Des candidats de téléréalité et leurs avocats.

© Crédits photo : Illustration : Charlotte Magic Mo.

Candidat de téléréalité, un travail comme un autre

Après près de dix ans sans contrat de travail, les candidats et candidates de la majorité des programmes de téléréalité sont maintenant considérés comme des salariés. Malgré cette évolution, des irrégularités semblent subsister dans les contrats et les sociétés de production continuent d’être attaquées en justice.

Temps de lecture : 9 min

18 candidats et candidates sur l’archipel vietnamien de Côn Đảo, le soleil, la mer, les palmiers et la survie. Philippe Duron, gagnant la neuvième saison de « Koh Lanta » en 2010, se souvient de cette aventure comme si c'était hier. « Je rempaillais des chaises sur un marché dans la Drôme, je me faisais à peine 1 000 euros par mois. » Quand il apprend qu’il est retenu pour participer à l’émission créée en 2001, il n’en revient pas : « Je n’avais jamais voyagé de ma vie, et jamais pris l’avion. » Il reçoit une liste avec l’équipement nécessaire et investit dans des tee-shirts unis et de couleurs bien précises, un sac à dos étanche, des chaussures de randonnée et son premier passeport. Quelques jours avant de partir, il reçoit un « contrat de participation à l’émission "Koh Lanta" » qui le lie à la boîte de production Adventure Line Productions (ALP).

Philippe Duron est l’un des derniers à avoir signé un contrat de ce type. En 2013, la Cour de cassation confirme, dans un arrêt, la jurisprudence sur les émissions de téléréalité : les candidats doivent désormais être considérés comme des salariés. S’il était arrivé par le passé à certains candidats de téléréalité de renégocier leur contrat — ce fut le cas  d’une candidate de la saison 1 de « Loft Story », comme son avocate l’avait raconté à Libération —, cette décision marque un tournant. 

Prouver le lien de subordination

La première décision de la Cour de cassation sur ce sujet remonte à juin 2009 et fait suite à la demande de trois candidats ayant participé à « l’Île de la tentation » (TF1) en 2003. Défendus par l’avocat Jérémie Assous, fraîchement débarqué dans la profession, ils demandent à ce que les termes de leur participation à l’émission soient requalifiés en contrat de travail.

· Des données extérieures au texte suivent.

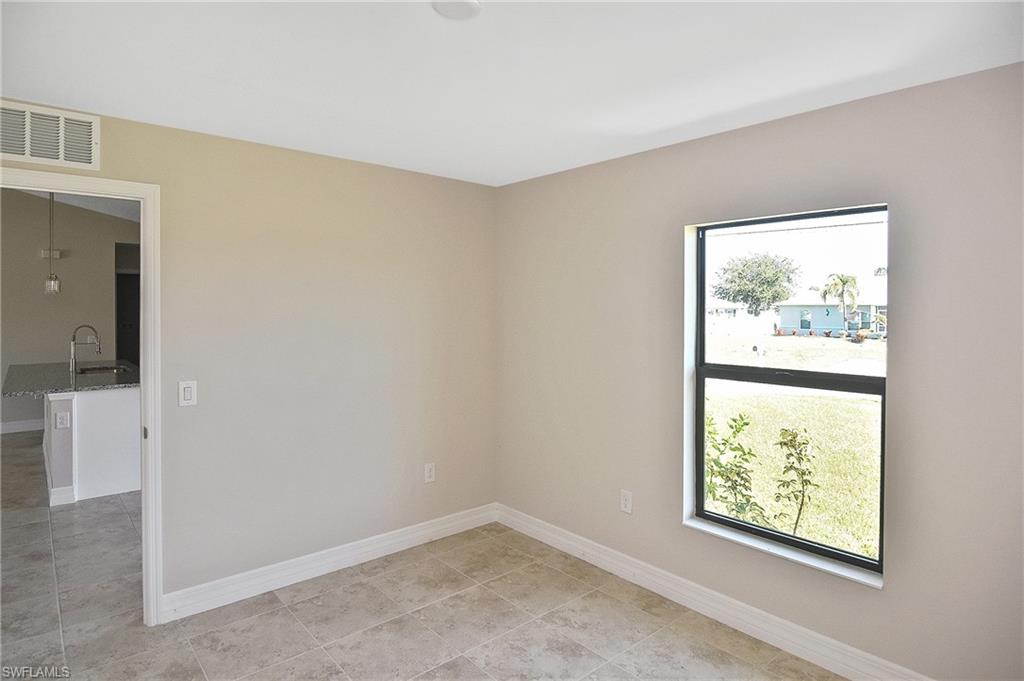 Spare room featuring baseboards and light tile patterned floors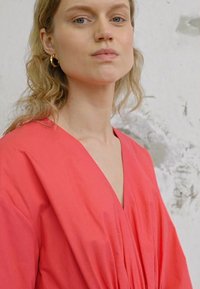 Vestido coral com decote em V, textura fluida, mangas curtas e detalhe franzido. Brincos de argola dourados visíveis, contra um fundo neutro.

Les contrats de participation à une émission sont à l’époque considérés comme des contrats sui generis, explique l’avocate Aurélia Psalti dans son mémoire « Les enjeux juridiques des émissions de télé-réalité », rédigé en 2014. Ils relèvent donc d’une situation juridique impossible à classer dans une catégorie déjà répertoriée. « Sous cette forme, [les contrats] engendrent moins de coûts aux sociétés qu’un contrat de travail qui entraîne des dépenses au niveau de la sécurité sociale et également des restrictions au niveau des horaires de tournage (jour de repos, heures maximales) qui sont parfois difficilement conciliables avec l’émission. [...] Les règles juridiques à respecter sont beaucoup plus souples », écrit-elle. 

En droit français, le code du travail ne définit pas le travail en lui-même mais le contrat de travail. « La question n’est pas de savoir ce que vous faites mais pour qui vous le faites », explique Jérémie Assous. Pour prouver que la production aurait dû fournir des contrats de travail aux participants, l’avocat a dû prouver le lien de subordination entre un employeur (la boîte de production) et un ou plusieurs employés  (les candidats). Et ce fut là toute sa difficulté puisque la société Glem a fait valoir l’absence de prestation de travail. Et qu’elle  déroulé de nombreux arguments, explique Aurélia Psalti. La filiale de TF1 argue en effet que l’activité des candidats consiste à s’impliquer dans des relations générées naturellement par une vie communautaire, assure qu’ils restent eux-mêmes tout en livrant leur intimité au public en étant filmés, et explique que cela ne requiert aucun travail. 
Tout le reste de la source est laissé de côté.